Exercise instructions - Your answer should repeat exactly the line containing "331 Cleveland Street" and all lines after it through the end of the material below, with no other text.
== Source material
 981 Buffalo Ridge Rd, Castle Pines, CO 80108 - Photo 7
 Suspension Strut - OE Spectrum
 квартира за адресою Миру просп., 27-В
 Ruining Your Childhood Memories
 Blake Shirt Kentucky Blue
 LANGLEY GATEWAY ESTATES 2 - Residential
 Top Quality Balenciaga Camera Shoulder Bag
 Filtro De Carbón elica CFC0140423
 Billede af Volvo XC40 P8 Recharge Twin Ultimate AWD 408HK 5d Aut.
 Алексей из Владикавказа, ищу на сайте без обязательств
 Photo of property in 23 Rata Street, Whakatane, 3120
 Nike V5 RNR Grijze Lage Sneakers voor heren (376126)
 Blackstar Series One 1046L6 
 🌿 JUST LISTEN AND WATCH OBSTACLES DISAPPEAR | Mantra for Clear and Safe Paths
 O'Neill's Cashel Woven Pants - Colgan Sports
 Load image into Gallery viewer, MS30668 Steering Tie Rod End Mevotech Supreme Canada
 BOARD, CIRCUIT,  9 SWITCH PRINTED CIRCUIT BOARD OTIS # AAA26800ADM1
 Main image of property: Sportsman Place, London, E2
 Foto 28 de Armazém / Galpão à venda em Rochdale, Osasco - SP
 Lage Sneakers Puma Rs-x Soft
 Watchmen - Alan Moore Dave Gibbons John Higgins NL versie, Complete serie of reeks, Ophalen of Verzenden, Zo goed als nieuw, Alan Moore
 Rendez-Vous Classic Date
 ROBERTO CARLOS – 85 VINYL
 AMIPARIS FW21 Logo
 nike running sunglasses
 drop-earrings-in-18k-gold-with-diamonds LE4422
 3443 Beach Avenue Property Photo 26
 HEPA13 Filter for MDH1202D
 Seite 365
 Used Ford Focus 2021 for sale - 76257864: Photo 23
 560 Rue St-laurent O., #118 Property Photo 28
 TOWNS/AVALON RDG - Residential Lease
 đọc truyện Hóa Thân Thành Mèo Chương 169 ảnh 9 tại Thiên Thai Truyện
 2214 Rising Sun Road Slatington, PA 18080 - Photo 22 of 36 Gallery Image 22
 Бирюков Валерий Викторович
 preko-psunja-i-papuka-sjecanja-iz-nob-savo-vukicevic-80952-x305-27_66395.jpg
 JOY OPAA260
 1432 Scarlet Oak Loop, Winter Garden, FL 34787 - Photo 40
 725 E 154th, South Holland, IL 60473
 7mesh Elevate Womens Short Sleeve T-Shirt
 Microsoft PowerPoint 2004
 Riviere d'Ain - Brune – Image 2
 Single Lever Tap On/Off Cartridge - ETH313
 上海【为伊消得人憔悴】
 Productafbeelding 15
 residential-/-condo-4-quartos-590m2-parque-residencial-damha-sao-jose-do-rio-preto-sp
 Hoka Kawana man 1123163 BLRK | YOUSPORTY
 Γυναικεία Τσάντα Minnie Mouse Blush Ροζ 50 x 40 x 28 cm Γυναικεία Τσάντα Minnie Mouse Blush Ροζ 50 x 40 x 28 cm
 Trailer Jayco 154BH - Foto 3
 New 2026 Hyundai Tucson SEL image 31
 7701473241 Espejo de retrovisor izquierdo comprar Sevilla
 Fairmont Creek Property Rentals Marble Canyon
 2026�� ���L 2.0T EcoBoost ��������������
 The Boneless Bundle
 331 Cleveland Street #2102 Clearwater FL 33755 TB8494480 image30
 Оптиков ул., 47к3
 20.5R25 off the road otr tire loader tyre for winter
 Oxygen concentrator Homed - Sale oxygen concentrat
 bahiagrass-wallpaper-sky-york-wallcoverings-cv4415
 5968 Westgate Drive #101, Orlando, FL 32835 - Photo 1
====
Answer -
 331 Cleveland Street #2102 Clearwater FL 33755 TB8494480 image30
 Оптиков ул., 47к3
 20.5R25 off the road otr tire loader tyre for winter
 Oxygen concentrator Homed - Sale oxygen concentrat
 bahiagrass-wallpaper-sky-york-wallcoverings-cv4415
 5968 Westgate Drive #101, Orlando, FL 32835 - Photo 1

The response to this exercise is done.